En revanche, pour les rebelles, qu’ils n’ont jamais réussi à prendre la commande définitive d’une seule région du pays en continuité avec les zones frontalières, contrôler Alep constituerait un saut qualitatif, une chance de continuer la guerre, sinon le jeu pour eux serait terminé ! Alep était la capitale économique et la deuxième grande métropole syrienne. Si Alep échappe aux rebelles, aucun autre territoire d’une telle importance, aucune autre ville syrienne ne pourraient désormais faire leur affaire ! Sortir du piège du siège pourrait donc constituer pour les rebelles une chance de continuer de manière différente la guerre. Même la Turquie veut la victoire des bandes armées à Alep, ce qui lui permettrait de justifier sa politique étrangère opaque et non transparente et pour d’autres intérêts stratégiques.
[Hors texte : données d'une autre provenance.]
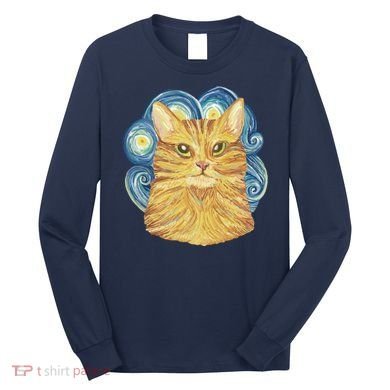Golden Cat Post Impressionism Long Sleeve Shirt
En effet, il ne faut pas oublier qu’en raison de sa situation stratégique et de sa proximité avec l’Anatolie, la ville d’Alep a beaucoup compté sous domination ottomane. À l’époque, elle était déjà la deuxième grande métropole de l’Empire après Constantinople, le premier centre de commerce entre l’est et l’ouest, et si les ambassades occidentales étaient basées à Istanbul, la ville d’Alep a toujours été le siège des missions consulaires. Sans oublier non plus que le « Traité de Sèvres », conclu au mois d’août 1920 entre les alliés et l’Empire ottoman, rattachant Alep et sa région à la Syrie, fut refusé par Mustafa Kemal Ataturk qui l’annexa tout comme il annexa l’Anatolie et l’Arménie.
Le conflit à Alep n’est pas éclaté pour une division religieuse entre les rebelles et les factions pro-régime de Damas, mais principalement sur des divisions sociales et sur un clivage historique entre populations urbaines et rurales. C’est pour cette raison que l’insurrection anti-Assad dans l’ouest d’Alep a été toujours inexistante. Le régime de Damas applique une stratégie de siège comparable à celle qu’ont connue pendant plus de deux ans et demi les habitants de Homs.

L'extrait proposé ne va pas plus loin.